While building distributed systems, Transparency is a very important factor. The Engineer has to consider Access transparency, Concurrency transparency, Location transparency, Replication transparency, etc. Replication transparency answers the question, 'Will my data resources always be consistent ?'.

What is Replication transparency?

With distributed systems, we can access different copies of our resources, which helps with redundancy, backup, speed, etc. Having replicas of a particular resource, also raises the issue of consistency. How do we ensure that all the replicas of a particular resource are consistent at all times? Two-phase commits can help in ensuring that if for any reason, all the replicas of a particular instance don't get updated may be due to timeouts or propagation errors, the instances will be rolled back to their previous state. This means that the update is lost and has to be done again.

Three models help us with handling replicas:

  1. Primary-Backup / Master-Backup Model
  2. Peer to Peer Model
  3. Master-Slave Model

The Primary-Backup model exposes only one instance to all external processes. This instance is the master instance, and it has read and write permissions. All other instances or replicas have only read permissions. So with this model, we are sure that only one instance can be updated, and then the change is propagated. The drawback of this model is that it isn't scalable, because only one instance is exposed and if that instance crashes before propagation happens, we will still encounter inconsistencies.

The Peer to Peer model gives all the instances read and write permissions. With this model, we will observe performance issues, especially when we need to propagate very large chunks of data. Maintaining global consistency will also be difficult. It is best suited for applications that require low data replication. User-specific applications for example.

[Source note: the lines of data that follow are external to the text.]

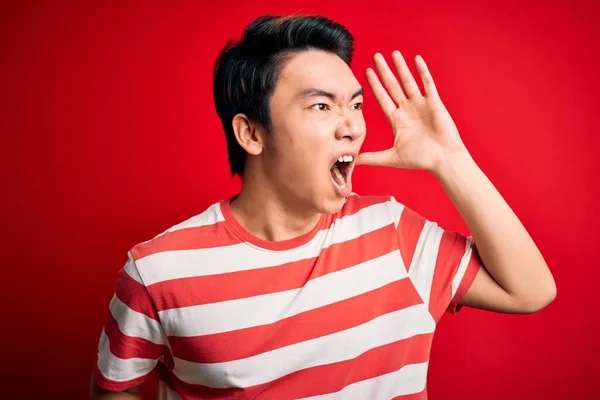 若いハンサムな中国人男性のカジュアルな縞模様のTシャツの赤い背景に叫んで立って大声で手を口の上に手で側に叫んでいる コミュニケーションの概念 — ストック写真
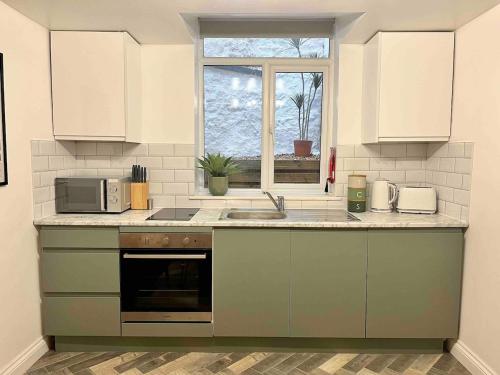 トーキーにあるStylish Studio Apartment on Torquay Harbourside!のシンクと電子レンジ付きのキッチン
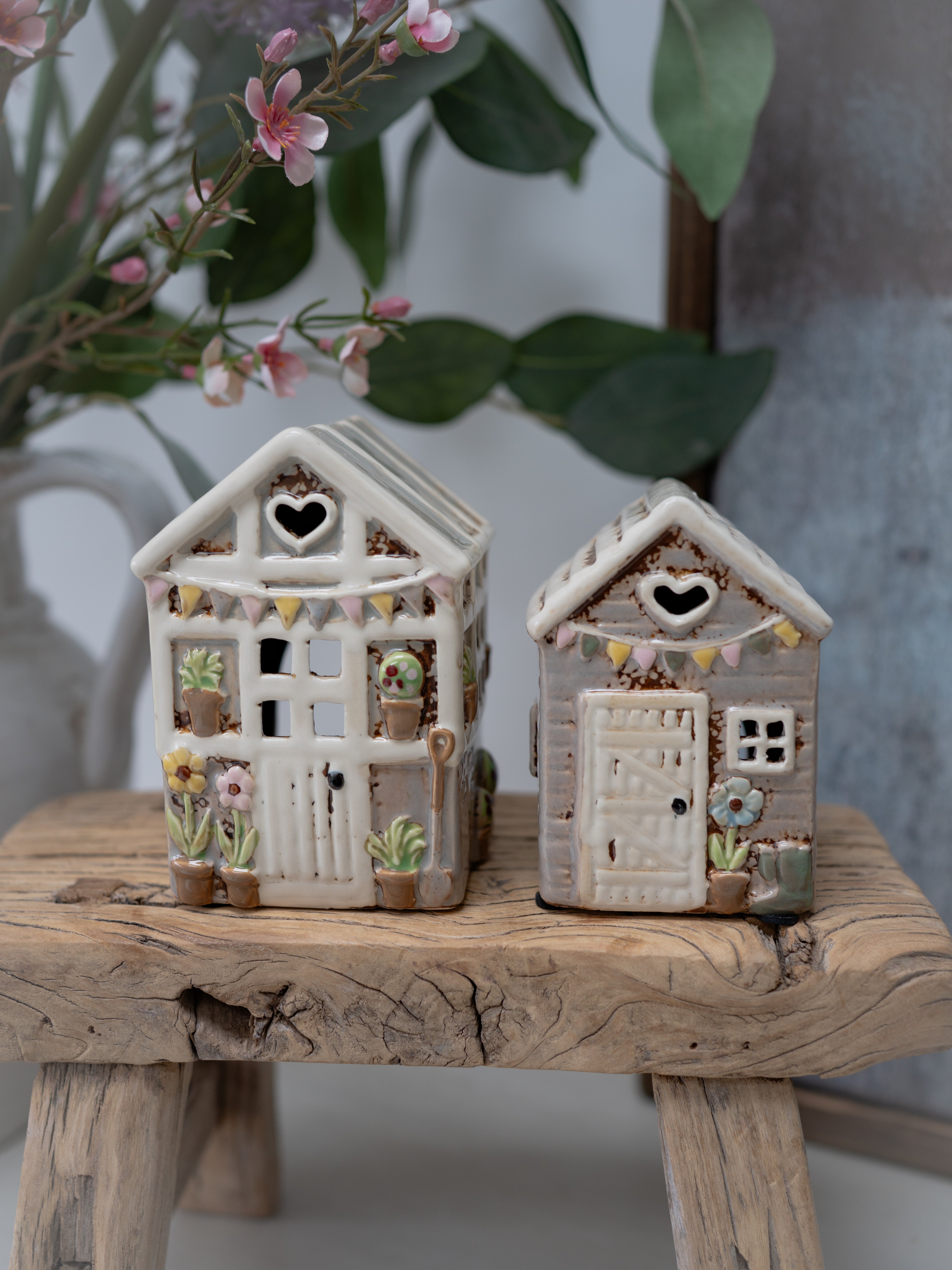 Two decorative ceramic houses on a wooden surface with a blurred floral background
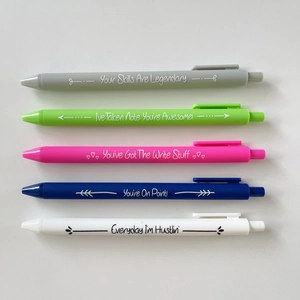 Detail of five retractable gel pens in matte pastel colors with motivational English quotes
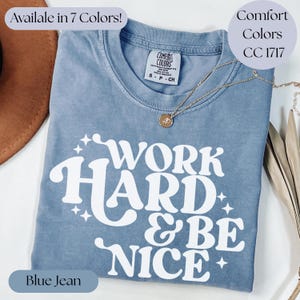 May include: Blue jean colored t-shirt with the words "WORK HARD & BE NICE" in white. The shirt has a crew neck and a small tag on the collar. A gold necklace with a pendant is draped on the shirt. The shirt is available in 7 colors.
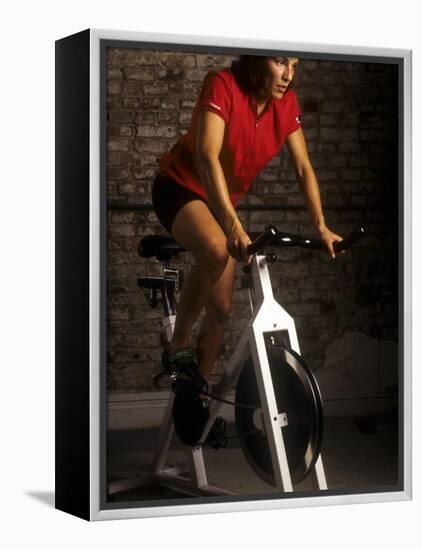 Young Woman Exercising on a Stationary Bike-null-Framed Premier Image Canvas
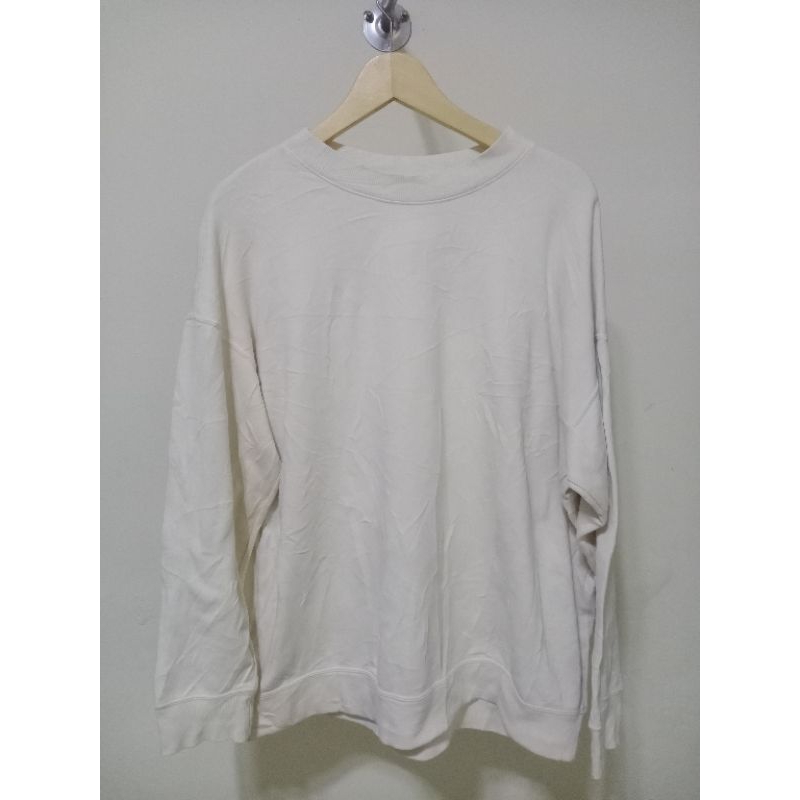 UNIQLO CN CREAM POLOS SWEATER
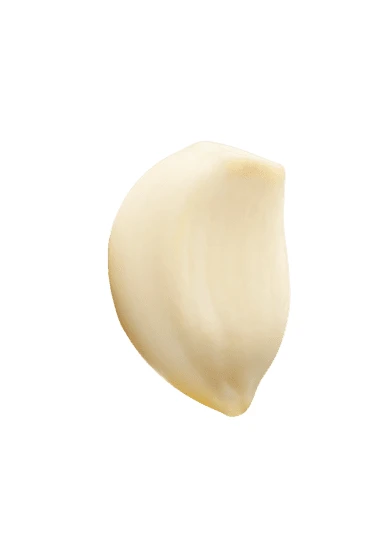 Single peeled garlic clove isolated on white background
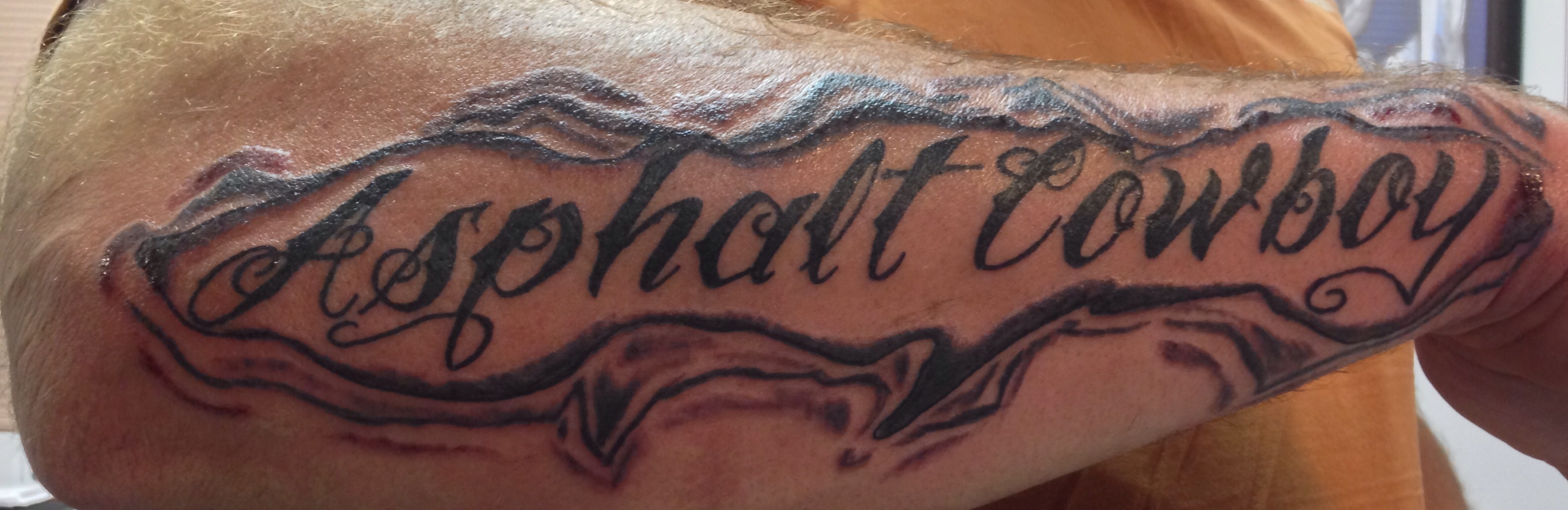 Asphalt Cowboy – Lettering Tattoo On Right Arm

The Master-Slave model has one instance as the Master model, with read and write permissions. The other instances(slaves) have read permissions, but are "hot-spares" in the sense that immediately they notice that the Master node is down, a slave becomes the Master. It is best used for systems where reading operations are higher than writing. Eg. Databases. This is because to write or update an item on a database, it reads first (read-modify-write).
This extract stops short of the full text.